Harcèlement sexuel : quand Google saque les employées qui manifestent

Harcèlement sexuel : quand Google saque les employées qui manifestent
À la Une

Il ne fait pas bon bousculer le géant Google sur les questions de sexisme et de harcèlement sexuel. Suite aux manifestations de novembre 2018 contre les pratiques du groupe en la matière, et notamment sa façon de couvrir les harceleurs, deux employées ont vu leurs projets et avancements étrangement stoppés par Google…

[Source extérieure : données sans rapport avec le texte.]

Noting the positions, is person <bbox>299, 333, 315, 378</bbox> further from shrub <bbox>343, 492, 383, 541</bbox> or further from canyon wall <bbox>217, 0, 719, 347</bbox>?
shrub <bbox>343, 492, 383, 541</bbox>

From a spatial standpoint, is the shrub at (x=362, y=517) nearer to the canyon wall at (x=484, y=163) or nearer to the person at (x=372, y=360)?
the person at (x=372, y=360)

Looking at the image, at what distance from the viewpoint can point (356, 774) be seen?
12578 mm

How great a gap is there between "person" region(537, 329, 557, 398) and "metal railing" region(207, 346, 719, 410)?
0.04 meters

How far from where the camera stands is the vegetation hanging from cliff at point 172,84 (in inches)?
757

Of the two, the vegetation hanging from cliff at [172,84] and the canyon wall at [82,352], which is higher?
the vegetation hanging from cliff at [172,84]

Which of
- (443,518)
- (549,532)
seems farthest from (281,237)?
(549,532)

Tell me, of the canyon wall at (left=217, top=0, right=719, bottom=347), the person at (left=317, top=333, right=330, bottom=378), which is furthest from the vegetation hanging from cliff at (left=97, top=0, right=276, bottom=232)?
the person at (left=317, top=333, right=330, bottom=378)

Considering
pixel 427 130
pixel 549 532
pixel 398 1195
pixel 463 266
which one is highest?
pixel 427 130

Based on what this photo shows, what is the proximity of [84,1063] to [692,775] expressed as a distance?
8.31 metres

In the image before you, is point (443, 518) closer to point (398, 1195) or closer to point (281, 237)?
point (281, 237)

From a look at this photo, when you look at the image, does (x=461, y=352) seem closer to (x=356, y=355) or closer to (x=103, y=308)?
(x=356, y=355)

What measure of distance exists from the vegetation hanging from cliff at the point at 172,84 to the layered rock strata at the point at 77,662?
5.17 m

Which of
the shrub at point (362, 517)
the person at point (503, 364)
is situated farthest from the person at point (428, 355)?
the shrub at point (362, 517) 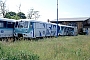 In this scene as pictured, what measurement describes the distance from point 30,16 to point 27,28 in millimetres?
39917

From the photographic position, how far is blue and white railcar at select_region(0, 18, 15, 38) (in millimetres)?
21750

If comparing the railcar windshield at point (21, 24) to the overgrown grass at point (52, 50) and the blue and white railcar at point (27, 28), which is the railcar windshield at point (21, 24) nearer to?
the blue and white railcar at point (27, 28)

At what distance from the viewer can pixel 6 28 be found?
22.2m

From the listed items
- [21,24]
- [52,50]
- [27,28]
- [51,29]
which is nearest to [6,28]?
[21,24]

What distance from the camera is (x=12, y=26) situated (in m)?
23.7

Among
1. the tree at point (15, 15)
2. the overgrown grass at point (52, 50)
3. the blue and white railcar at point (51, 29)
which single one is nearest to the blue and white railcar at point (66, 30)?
the blue and white railcar at point (51, 29)

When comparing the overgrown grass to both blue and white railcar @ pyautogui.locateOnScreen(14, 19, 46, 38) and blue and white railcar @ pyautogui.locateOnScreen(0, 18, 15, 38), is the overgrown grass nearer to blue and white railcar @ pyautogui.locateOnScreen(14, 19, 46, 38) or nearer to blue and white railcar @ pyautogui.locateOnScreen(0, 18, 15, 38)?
blue and white railcar @ pyautogui.locateOnScreen(0, 18, 15, 38)

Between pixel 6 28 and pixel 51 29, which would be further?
pixel 51 29

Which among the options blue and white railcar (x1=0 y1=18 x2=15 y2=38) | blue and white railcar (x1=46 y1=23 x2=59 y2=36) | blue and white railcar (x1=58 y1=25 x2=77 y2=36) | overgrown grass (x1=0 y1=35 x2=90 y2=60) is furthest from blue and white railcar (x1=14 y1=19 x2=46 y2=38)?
blue and white railcar (x1=58 y1=25 x2=77 y2=36)

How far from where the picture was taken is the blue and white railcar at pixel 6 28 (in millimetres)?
21750

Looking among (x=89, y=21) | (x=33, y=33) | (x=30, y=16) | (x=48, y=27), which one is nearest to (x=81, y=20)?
(x=89, y=21)

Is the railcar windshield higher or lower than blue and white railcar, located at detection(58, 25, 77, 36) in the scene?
higher

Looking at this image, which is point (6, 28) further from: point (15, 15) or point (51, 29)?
point (15, 15)

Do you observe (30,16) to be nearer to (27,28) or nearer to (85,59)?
(27,28)
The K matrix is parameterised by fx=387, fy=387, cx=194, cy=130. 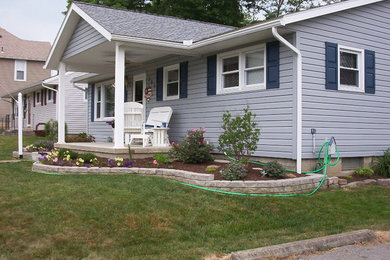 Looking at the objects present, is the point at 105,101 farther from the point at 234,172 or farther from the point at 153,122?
the point at 234,172

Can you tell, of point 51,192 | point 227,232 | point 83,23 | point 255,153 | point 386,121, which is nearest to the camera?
point 227,232

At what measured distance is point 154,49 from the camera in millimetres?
9750

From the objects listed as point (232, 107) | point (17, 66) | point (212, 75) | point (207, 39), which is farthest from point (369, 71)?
point (17, 66)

Novembre 2018. Un peu partout dans le monde, devant les locaux des succursales de Google, des employés manifestent. Ils pointent la façon douteuse dont Google traite les problèmes de harcèlement sexuel, et la culture machiste qui domine le géant du net.

Google couvre ses cadres accusés de harcèlement

Une enquête du New York Times venait de révéler que des employés haut placés de Google avaient été couverts par la firme suite à des accusations de harcèlement sexuel. Andy Rubin, le créateur d’Android, avait notamment quitté Google avec un confortable bonus, alors qu’une collègue l’avait accusé d’abus sexuel. Nommé par l’enquête, le cadre dirigeant Rich DeVaul avait d’ailleurs démissionné suite à ces révélations.

Sundar Pichai, le CEO de Google, était alors monté au créneau pour tenter d’éteindre l’incendie. Il arguait qu’un programme de lutte contre le harcèlement sexuel avait été mis en place par l’entreprise dès 2015, et que 48 employés avaient été renvoyés pour ce motif. Ces justifications n’avaient pas vraiment convaincu les salariés du géant du net.

#GoogleWalkout : les employés manifestent pour briser la loi du silence

Déterminé à faire front, plus de 20 000 employés de Google s’étaient donc pressés devant leurs bureaux. Une pancarte particulièrement populaire durant ces manifestations indiquait un rageur : « Je l’ai signalé, il a été promu ».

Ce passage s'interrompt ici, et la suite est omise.